Statistical analysis was conducted using R (R Core Team 2019). Linear mixed-effect models were fitted using restricted maximum likelihood (REML) estimation. Model assumptions were assessed by visually inspecting the residuals. Group (musicians versus non-musicians), presentation type (speech versus song), noise condition (quiet versus babble), and semantic content (expository, narrative and semantically anomalous) were modeled as fixed effects. Note that the sentences used in the quiet and the babble conditions were identical. Sentence length (in terms of number of syllables per sentence) was kept similar across presentation type and semantic content conditions. Length was originally included in the model but had no significant effect on results and no interactions with other variables and was subsequently dropped. Participants and sentences were included as random effects. Interactions among group, presentation type and semantic content were also fitted into the model. To conduct the analysis, we used the lme4 (Bates et al. 2015), car (Fox 2008), lmerTest (Kuznetsova et al. 2017), and emmeans (Lenth 2020) packages. When post hoc comparisons were conducted, p-values were adjusted using the Holm method. Figures were designed using the ggplot2 package (Wickham 2011).

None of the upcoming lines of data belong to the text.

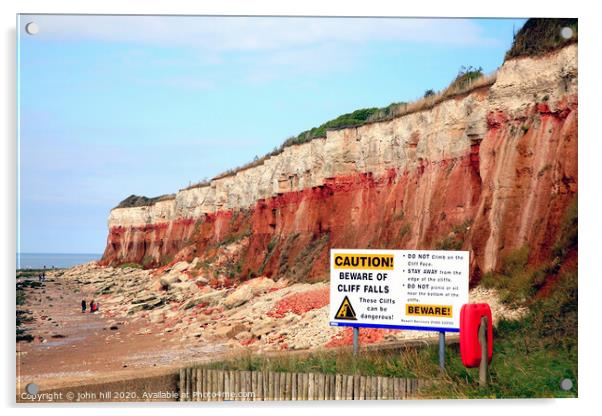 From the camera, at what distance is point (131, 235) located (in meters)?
43.4

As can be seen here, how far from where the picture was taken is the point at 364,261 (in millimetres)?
12242

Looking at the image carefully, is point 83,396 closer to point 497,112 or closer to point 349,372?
point 349,372

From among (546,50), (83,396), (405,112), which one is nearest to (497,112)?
(546,50)

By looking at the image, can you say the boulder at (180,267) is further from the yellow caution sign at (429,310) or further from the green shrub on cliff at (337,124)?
the yellow caution sign at (429,310)

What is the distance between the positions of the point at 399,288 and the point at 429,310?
0.54 meters

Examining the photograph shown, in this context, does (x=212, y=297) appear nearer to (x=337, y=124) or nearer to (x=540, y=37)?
(x=337, y=124)

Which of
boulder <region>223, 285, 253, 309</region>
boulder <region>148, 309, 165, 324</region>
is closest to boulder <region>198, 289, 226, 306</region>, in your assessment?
boulder <region>223, 285, 253, 309</region>

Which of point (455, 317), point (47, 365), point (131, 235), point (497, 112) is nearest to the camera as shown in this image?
point (455, 317)

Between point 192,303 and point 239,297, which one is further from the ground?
point 239,297

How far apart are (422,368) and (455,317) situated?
0.87 metres

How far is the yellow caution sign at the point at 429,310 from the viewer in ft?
38.5

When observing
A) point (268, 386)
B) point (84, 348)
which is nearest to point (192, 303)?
point (84, 348)

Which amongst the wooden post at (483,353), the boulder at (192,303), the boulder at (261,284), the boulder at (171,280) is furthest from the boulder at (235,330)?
the wooden post at (483,353)

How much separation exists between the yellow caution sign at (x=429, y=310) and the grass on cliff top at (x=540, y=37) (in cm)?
490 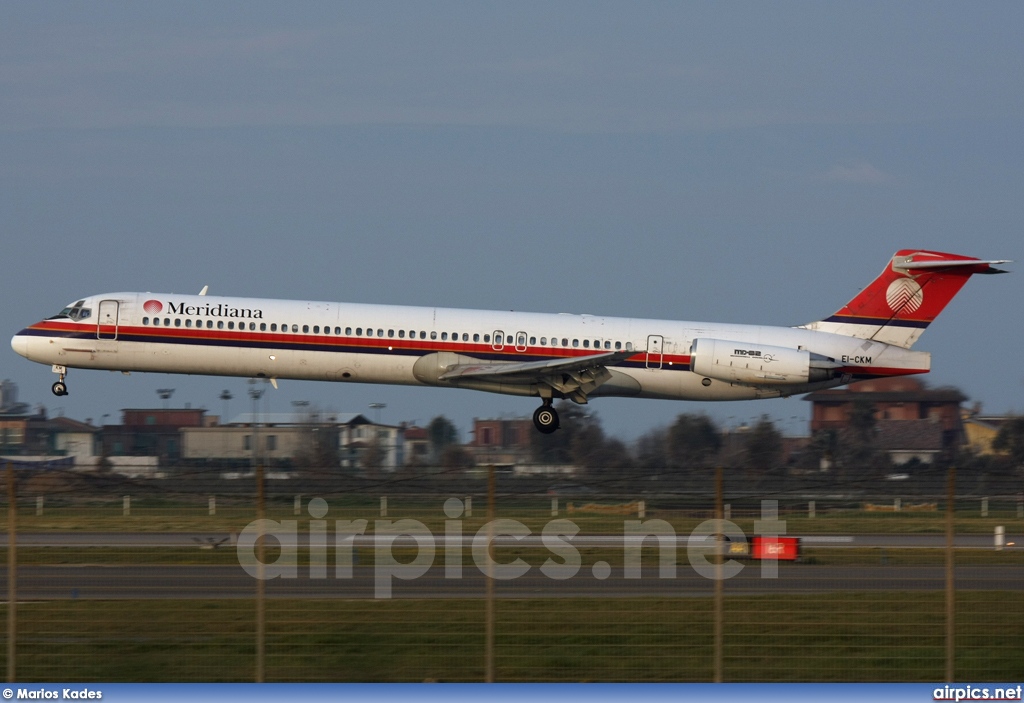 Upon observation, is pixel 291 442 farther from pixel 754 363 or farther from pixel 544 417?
pixel 754 363

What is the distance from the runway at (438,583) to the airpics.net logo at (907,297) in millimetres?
16158

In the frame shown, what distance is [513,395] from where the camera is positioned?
33.9 m

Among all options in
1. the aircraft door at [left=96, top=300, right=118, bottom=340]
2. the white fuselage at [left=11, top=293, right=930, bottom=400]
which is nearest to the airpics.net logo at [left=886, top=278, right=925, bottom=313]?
the white fuselage at [left=11, top=293, right=930, bottom=400]

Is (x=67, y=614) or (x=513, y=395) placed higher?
(x=513, y=395)

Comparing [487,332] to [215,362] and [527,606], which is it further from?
[527,606]

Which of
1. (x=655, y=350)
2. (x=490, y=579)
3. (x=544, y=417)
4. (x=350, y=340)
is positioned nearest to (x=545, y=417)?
(x=544, y=417)

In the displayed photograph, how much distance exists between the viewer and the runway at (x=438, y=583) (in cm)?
1541

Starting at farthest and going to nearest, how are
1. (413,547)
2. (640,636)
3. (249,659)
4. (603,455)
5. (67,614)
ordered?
(603,455)
(413,547)
(67,614)
(640,636)
(249,659)

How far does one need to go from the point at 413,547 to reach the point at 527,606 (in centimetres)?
494

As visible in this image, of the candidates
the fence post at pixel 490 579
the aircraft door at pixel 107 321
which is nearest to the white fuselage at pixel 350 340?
the aircraft door at pixel 107 321

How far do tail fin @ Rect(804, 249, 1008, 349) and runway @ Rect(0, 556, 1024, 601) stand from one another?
1605cm

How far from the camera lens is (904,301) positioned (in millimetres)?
34125

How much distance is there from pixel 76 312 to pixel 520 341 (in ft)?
37.9

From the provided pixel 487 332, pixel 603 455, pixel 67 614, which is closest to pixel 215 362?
pixel 487 332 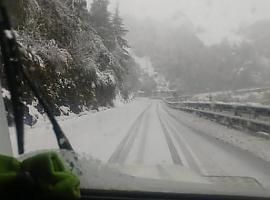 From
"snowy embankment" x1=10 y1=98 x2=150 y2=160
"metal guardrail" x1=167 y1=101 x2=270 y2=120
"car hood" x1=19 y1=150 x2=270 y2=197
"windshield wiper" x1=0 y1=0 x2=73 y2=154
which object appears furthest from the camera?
"metal guardrail" x1=167 y1=101 x2=270 y2=120

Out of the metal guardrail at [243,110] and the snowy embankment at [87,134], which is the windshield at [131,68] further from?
the metal guardrail at [243,110]

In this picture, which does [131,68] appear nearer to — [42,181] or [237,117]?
[42,181]

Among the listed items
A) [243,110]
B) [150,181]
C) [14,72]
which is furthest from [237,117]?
[14,72]

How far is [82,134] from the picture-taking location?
36.2 ft

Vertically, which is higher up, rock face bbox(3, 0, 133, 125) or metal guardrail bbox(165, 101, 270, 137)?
rock face bbox(3, 0, 133, 125)

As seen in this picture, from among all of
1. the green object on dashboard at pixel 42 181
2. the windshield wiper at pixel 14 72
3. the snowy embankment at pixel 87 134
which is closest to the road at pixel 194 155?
the snowy embankment at pixel 87 134

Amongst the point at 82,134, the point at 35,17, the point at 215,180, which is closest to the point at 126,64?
the point at 35,17

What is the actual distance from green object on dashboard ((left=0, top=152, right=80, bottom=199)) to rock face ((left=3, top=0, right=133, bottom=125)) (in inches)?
120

One participant was identified as an outlier following visual inspection of the data. The participant had not attempted a large number of trials and was therefore excluded from the analysis reporting on 100 participants.

Results

Interim analysis: comparing in-laboratory and online data

Prior to full data collection, we compared in-laboratory participants to an equally sized group of online participants to evaluate the reliability of testing sentence repetition online. More specifically, we compared 14 in-laboratory to 14 online non-musicians and 13 in-laboratory to 13 online musically trained participants. The performance of non-musicians was not associated with significantly different repetition accuracies across testing modalities, t(26) = 0.63, p = 0.53, and the same result was seen in the musically trained groups, t(24) = 0.33, p = 0.74.

Sentence repetition task

Online and in-laboratory data were combined using results from a total of 100 participants (although see Procedure and Sentence repetition in amusic participants for some additional testing outside the main scope of the study). The model revealed a significant main effect of group, with musicians performing better relative to non-musicians, F(1, 98) = 4.31, p = 0.04, ηp2 = 0.04. However, following screening for amusia, 13 participants were excluded from the sample. Rerunning the model without the amusic participants showed that musicians’ performance did not differ statistically from non-musicians, F(1, 85) = 2.33, p = 0.13, ηp2 = 0.02. The rest of the analysis was conducted on the full pool of participants (but see the Results subsection on sentence repetition in amusic participants for a different comparison).

Unsurprisingly, results showed a significant main effect of noise, F(1, 5817.48) = 2742.52, p < 0.001, ηp2 = 0.32. The mode of presentation also came out significant, albeit with a small effect size, F(1, 5817.76) = 20.50, p < 0.001, ηp2 = 0.003, with sung targets being recalled more successfully than spoken ones. A significant mode of presentation × noise level interaction was seen, F(1, 5821.47) = 52.23, p < 0.001, ηp2 = 0.009, and post hoc pairwise comparisons showed that sung targets were better recalled than spoken ones only in noise, t(5822) = 7.22, p < 0.001, d = 0.09.

The mode of presentation also interacted with semantic content, F(2, 5818.11) = 5.29, p = 0.005, ηp2 = 0.001. Although no differences were seen for narrative and anomalous content, sung expository targets were associated with better performance relative to spoken ones, t(5820) = 5.55, p < 0.001, d = 0.07.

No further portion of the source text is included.